I welcome the measure contained in new clause 26, which will help to put in place the mechanism to allow the proposed half hour of Gaelic programmes to be broadcast on one of the new digital.multiplexes. While the measure is broadly acceptable, will the Minister clarify what he understands to be the purpose and effect of subsection (4)(d)? If the Gaelic Television Committee were to become a broadcaster in its own right, will that subsection enable it to provide programmes directly to the multiplex holder?

I commend to the Minister and to the House new clause 39, standing in my name and that of the hon. Member for Kirkcaldy (Dr. Moonie). The Gaelic Televison Committee welcomed the Government's announcement in Committee on 9 May that a minimum of half an hour per day would be allocated for Gaelic broadcasts on one of the new digital terrestrial channels. This has been seen as a definite step in the right direction, but there is concern that the committee will still be unable to operate as a broadcaster. The Gaelic Television Committee may still be held to ransom by broadcasters to subsidise what they decide are the Gaelic programmes that they ought to put out.

There may be some conflict of interest between the 68,000 Gaelic speakers, to whom the Minister referred, and the wider community that has been targeted by the makers of Gaelic programmes—with some considerable success—in Scotland. The Gaelic Television Committee is anxious that the interests of the Gaels should not be overlooked.

Mr. Dafis

Does the hon. Gentleman look forward to the day when similar provision as is made for Gaelic speakers in Scotland and Welsh speakers in Wales is made for speakers of the Irish language in Northern Ireland? Would he welcome the establishment of an Irish language television fund or committee that could provide programmes to be shown on the new Irish language television channel, Teilifis Na Gaelige, emanating from the Irish Republic?

Mr. Maclennan

I should be interested to see such a development if it stemmed from Northern Ireland. Most British Governments would be interested to hear such proposals, but it is not for me to put Erse words into the mouths of broadcasters in Northern Ireland. I accept what the hon. Gentleman says about that interesting possible development.

I am anxious to ensure that the most cost-effective means of providing Gaelic services on the third multiplex is achieved. I believe that it could be, if provision were made for the committee to co-ordinate the feed of Gaelic programming into the third digital multiplex and for that committee or its agent to be licensed by the Independent Television Commission to provide the programme service to the multiplex operator. That is the purpose behind new clause 39.

There is concern that there is an imbalance between the power of the broadcasters and the duty of the committee, which is essentially a funder—in some cases, funding up to 100 per cent.—and is operating without a great deal of influence over the content of the programmes that it is funding. That situation requires statutory rectification. I hope that the Government will look with favour on that proposal.

The Gaelic Television Committee is a representative body and it has shown considerable expertise.

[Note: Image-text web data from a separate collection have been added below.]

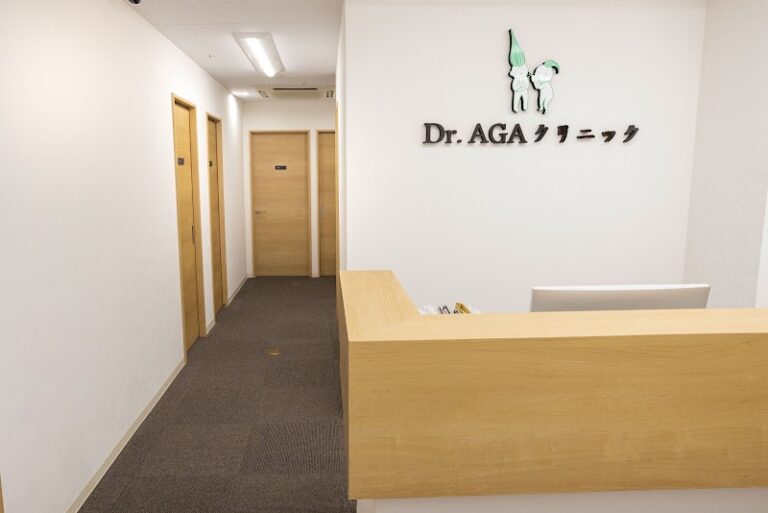 Dr.AGAクリニック神戸三宮院 の院内
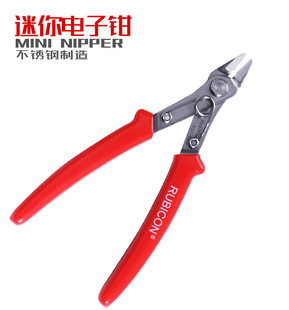 Japanese Robin Hood RUBICON Mini Electronic Diagonal Pliers RSP-23 Ruyi Pliers 5 Inch Japanese Diagonal Pliers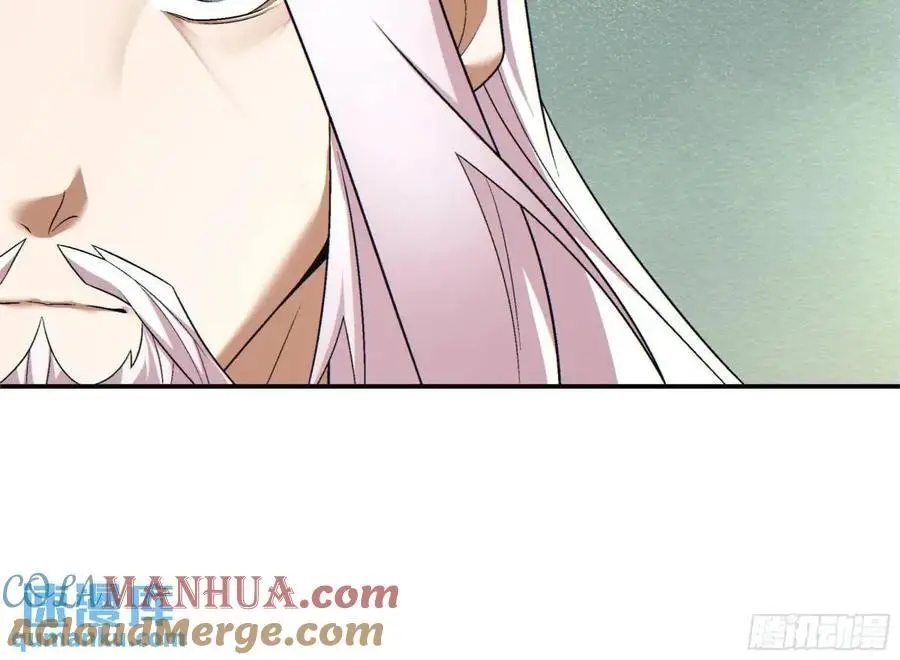 第一百四十四回24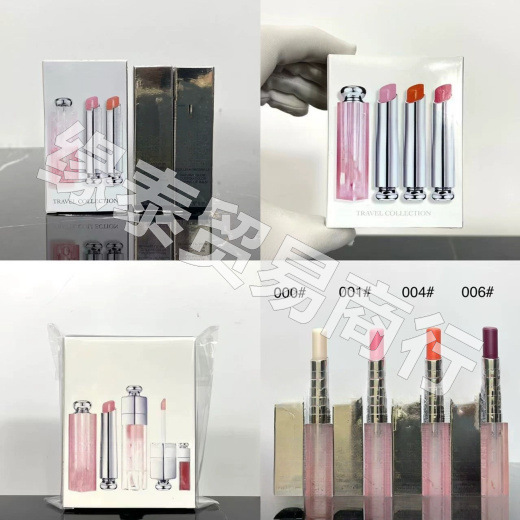 Cross-Border Export Lipstick New Version Di Color Changing Lipstick 3.2g Pink Lipstick Long-Lasting Moisturizing 001/004/Two-Piece Set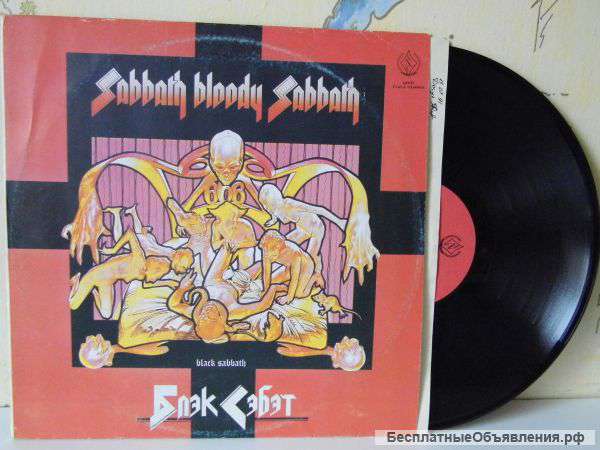 Блэк Сэбет / Sabbath Bloody Sabbath / 1990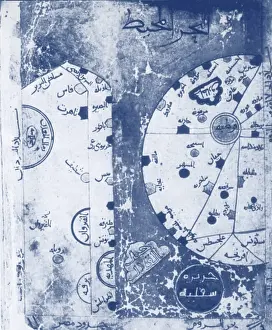 Arabic Prints: Book of Roads and Kingdoms, 10th Century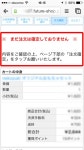 ゆうパック 注文コメント by RSライダーs shop｜ラクマ ページの通販 サイズ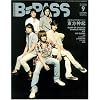 BACKSTAGE PASS (バックステージ・パス) 2008年 09月号 [雑誌]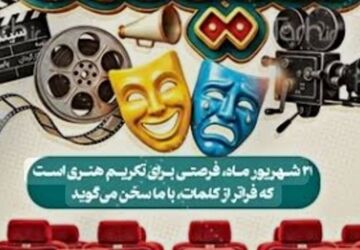 جادو پرده نقره‌ای،از نخستین تصویر تا عصر دیجیتال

It would discharge the role of broadcaster well. It would be in line with what would seem to be the Government's intentions—stepping up the provision of Gaelic—if they accepted the new clause.

Sir Hector Monro (Dumfries)

As one of the instigators of the early-day motion that was signed by a large number of right hon. and hon. Members on both sides of the House suggesting that we give additional support to the Gaelic Television Committee, I think that the Government have reacted, bearing in mind what a success Gaelic broadcasting has been. I have visited the studio in Stornoway and met those involved. There has been warm acceptance throughout Scotland of the number of hours of Gaelic television shown. Indeed, a great many people who cannot speak Gaelic enjoy watching the programmes with subtitles. I am glad about the Government's reaction, and I welcome the new clause.

Mr. Sproat

I pay tribute to my right hon. Friend the Member for Dumfries (Sir H. Monro) for the tremendous work he did when he was at the Scottish Office to ensure that there was such an increase in Gaelic broadcasting. I am sure that the Gaelic-speaking community will be grateful to him for all he did.

I thank the hon. Member for Caithness and Sutherland (Mr. Maclennan) for his explanation of his new clause. He wants to create out of the Gaelic Television Committee a body quite different from that set up under the Broadcasting Act 1990. As I explained in Committee, the statutory powers of the Gaelic Television Committee are confined to the payment of grants. It is exercising those powers to good effect, as shown by its figures for the number of hours of Gaelic programmes being transmitted.

The committee's structure, which was devised to take into account the scale of the Gaelic-speaking community and the nature of the broadcasting industry, remains valid at this stage in the evolution from the analogue to the digital age. Moreover, the Government have provided for the multiplex provider to consult the committee on the nature and scheduling of the programmes to be broadcast.

In response to the question of the hon. Member for Caithness and Sutherland, I emphasise, however, that I do not see a role for that committee as a broadcaster. It is a grant-giving and advisory body, and it is not our intention that it should be a broadcaster. Potential applicants for the third digital multiplex—

Mr. Calum Macdonald (Western Isles)

The Minister will know that the intention is to open up the supply of programmes into the digital field. Can he clarify subsection (4)(d) of new clause 26, and say whether the Gaelic Television Committee could be one of the suppliers mentioned in that subsection, because that would go a long way to meeting the concerns of the committee about being able to provide a supply of programmes when the digital field comes on stream?

Mr. Sproat

No, I cannot give the hon. Gentleman that assurance. That is what I was trying to tell the hon. Member for Caithness and Sutherland. The Gaelic Television Committee is an extremely important body, both in the grants and advice that it gives and the part it has played in the success of increasing the number of Gaelic programmes in Scotland. Indeed, as my right hon. Friend the Member for Dumfries said, many people who do not speak Gaelic enjoy watching the programmes with subtitles.

Having said that, I must add that we do not envisage an expansion of the role of the Gaelic Television Committee into the kind of supplier referred to by the hon. Gentleman. I emphasise, however, that the extra 30 minutes each day in peak time in Scotland, and the free giving of programmes that have already been transmitted by the BBC, STV or Grampian, constitute a major increase for the Gaelic-speaking community. For the moment, we are leaving it there.

Mr. Macdonald

Who are the other persons providing television broadcasting services mentioned in subsection (4)(d)? Does that specifically rule out the Gaelic Television Committee, or does it leave open a question that might be decided at a future stage?

Mr. Sproat

The persons referred to in the subsection are any other persons that the multiplex operator decides should provide services. It could mean Channel 5, or it could be a group that the committee helped to put together. There is no reason why that should not happen, but the committee itself cannot be a broadcaster in the strict and proper sense of the term.

Potential applicants for the digital multiplex can expect the Independent Television Commission to give careful consideration to their proposals for consulting the Gaelic community in general, and the Gaelic Television Committee in particular. I hope that I have convinced the hon. Member for Caithness and Sutherland that he should not press new clause 39.

Question put and agreed to.

Clause read a Second time, and added to the Bill.